The application of laser ablation to U-Pb dating has revolutionized geochronology. By drastically reducing the cost of dating a mineral grain (~1$/date is achievable) the method has expanded the number of measurements that can be obtained from a sample and the number of samples that can be measured in a project. Moreover, spatially resolved sampling of materials enables complex petrogenetic histories of minerals to be deciphered. While the ultimate accuracy of LA-ICP-MS systems is poor compared to other techniques (~1.5% for LA-ICP-MS compared to <0.1% for ID-TIMS) it is sufficient for many applications.

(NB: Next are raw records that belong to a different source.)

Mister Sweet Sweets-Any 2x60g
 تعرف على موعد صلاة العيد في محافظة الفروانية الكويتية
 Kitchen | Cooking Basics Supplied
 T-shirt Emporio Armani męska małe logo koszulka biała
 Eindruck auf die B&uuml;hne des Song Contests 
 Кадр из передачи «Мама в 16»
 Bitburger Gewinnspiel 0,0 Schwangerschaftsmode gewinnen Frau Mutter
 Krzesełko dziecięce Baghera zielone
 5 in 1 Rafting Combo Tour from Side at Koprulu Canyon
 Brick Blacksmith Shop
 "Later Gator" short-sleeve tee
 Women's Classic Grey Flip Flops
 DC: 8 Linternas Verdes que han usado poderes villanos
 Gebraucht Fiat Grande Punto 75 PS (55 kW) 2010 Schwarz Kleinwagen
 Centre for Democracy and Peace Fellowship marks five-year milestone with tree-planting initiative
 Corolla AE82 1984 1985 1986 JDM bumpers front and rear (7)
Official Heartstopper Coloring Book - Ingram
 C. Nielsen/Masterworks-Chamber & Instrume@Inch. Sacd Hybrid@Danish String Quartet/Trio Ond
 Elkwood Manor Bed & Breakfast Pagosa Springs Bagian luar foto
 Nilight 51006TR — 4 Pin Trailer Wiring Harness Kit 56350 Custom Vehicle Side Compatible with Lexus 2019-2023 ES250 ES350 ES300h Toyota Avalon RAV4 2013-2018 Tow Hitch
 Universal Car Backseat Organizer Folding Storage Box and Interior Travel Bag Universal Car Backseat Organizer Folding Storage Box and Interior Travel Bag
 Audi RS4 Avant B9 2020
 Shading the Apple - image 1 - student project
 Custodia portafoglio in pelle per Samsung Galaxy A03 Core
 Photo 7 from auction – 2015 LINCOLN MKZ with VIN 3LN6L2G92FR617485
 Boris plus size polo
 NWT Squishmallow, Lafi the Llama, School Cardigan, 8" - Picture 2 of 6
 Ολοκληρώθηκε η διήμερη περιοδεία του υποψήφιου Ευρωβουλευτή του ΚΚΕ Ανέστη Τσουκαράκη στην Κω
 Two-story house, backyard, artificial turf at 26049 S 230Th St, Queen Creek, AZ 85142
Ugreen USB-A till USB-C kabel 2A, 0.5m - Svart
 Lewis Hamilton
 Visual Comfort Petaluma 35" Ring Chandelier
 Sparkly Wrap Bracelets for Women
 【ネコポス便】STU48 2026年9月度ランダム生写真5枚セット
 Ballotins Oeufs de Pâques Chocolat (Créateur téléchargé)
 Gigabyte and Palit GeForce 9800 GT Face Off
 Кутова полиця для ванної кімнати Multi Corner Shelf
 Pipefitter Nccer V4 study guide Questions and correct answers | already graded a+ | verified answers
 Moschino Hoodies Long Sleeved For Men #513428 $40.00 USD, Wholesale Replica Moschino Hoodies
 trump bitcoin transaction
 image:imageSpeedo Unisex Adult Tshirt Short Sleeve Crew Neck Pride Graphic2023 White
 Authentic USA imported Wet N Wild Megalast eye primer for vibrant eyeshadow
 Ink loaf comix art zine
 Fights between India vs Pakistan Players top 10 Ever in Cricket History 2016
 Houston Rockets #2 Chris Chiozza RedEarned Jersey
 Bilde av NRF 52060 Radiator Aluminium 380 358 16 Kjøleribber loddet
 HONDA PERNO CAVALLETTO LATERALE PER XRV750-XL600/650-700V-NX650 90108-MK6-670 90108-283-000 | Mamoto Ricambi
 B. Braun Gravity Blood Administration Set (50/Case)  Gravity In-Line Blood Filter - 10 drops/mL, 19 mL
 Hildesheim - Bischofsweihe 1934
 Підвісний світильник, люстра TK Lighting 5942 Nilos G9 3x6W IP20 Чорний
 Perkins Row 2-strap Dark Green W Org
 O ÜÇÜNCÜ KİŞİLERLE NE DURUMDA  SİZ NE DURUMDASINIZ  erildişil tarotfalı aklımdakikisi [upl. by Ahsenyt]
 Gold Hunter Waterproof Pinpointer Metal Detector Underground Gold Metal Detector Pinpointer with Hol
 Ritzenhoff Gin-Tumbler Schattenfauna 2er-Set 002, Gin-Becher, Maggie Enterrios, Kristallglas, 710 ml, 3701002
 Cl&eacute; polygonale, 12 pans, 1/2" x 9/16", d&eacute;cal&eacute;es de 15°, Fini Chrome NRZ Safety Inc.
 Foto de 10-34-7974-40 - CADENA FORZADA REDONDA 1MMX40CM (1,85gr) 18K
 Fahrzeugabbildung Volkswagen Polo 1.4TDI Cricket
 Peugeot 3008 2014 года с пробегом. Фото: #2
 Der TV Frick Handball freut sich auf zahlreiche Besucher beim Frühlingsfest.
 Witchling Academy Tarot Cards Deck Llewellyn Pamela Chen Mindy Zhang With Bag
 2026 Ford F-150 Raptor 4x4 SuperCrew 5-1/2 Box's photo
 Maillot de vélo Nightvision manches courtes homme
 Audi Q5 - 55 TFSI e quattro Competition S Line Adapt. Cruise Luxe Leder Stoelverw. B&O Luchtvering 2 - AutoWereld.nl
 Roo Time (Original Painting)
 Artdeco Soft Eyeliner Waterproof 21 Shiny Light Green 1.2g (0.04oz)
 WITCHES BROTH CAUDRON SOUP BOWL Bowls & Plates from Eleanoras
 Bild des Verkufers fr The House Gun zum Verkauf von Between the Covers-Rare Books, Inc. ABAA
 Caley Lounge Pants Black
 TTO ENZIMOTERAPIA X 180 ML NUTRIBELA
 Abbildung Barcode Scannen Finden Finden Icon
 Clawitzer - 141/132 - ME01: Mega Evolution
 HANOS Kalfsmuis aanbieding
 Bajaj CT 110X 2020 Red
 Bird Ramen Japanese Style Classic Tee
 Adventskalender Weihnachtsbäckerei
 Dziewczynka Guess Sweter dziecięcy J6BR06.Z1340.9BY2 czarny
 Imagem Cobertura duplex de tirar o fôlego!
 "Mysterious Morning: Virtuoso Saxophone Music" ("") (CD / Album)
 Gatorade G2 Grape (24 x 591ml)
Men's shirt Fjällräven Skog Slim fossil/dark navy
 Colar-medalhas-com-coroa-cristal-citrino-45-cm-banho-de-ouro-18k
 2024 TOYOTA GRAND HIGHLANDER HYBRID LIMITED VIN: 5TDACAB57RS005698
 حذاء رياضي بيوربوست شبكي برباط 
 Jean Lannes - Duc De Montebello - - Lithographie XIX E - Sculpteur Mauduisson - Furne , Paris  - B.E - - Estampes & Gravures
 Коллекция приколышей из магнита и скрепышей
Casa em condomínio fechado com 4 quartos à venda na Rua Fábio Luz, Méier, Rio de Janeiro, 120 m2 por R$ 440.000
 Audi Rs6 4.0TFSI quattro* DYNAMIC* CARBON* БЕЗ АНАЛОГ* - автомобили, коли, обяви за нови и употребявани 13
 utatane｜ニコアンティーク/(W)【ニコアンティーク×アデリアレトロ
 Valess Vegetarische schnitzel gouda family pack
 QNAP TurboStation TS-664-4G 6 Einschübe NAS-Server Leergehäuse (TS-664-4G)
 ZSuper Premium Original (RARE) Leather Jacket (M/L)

LA-ICP-MS Dating of Zircon

Our lab uses a variety of zircon U-Pb dating methods in both detrital and basement (crystalline) research. For detrital zircon dating we focus on cost-efficient data acquisition using large-n measurement methods. Our most commonly employed method is outlined in Matthews et al. (2017)(Geostandards and Geoanalytical Research). By this method we normally measure 300 grains per sample at a rate of about six samples per day. For other projects, where larger-n is required to find rare near depositional age grains, we measure 660 grains per sample using a shortened ablation period. This method is outlined in Daniels et al. (2017)(Geological Society of America Bulletin).

Both of these techniques use conventional polished grain mounts to present the sample to the laser. We also employ a novel laser-ablation depth-profiling measurement method to extract information from thin zircon overgrowths. By this method, whole grains are mounted to tape and surface-consistent layers of material are dated starting at the exterior of the grain and moving toward the middle of the grain. This method allows for the rapid collection of large datasets of core and rim dates and has applications in metamorphic rocks or detrital zircon grains derived from them.

LA-ICP-MS Dating of Apatite

Dating of apatite is complicated by low U concentration and the incorporation of common Pb during crystallization. We use the Madagascar apatite standard and the Iolite software package to measure both detrital and basement apatite samples. Apatite dates for basement rocks inform about mid-crustal cooling and can be useful in constraining exhumation histories. Detrital apatite can be used as a constraint on provenance and can be particularly useful if combined with LA-AHe dating techniques (double dating).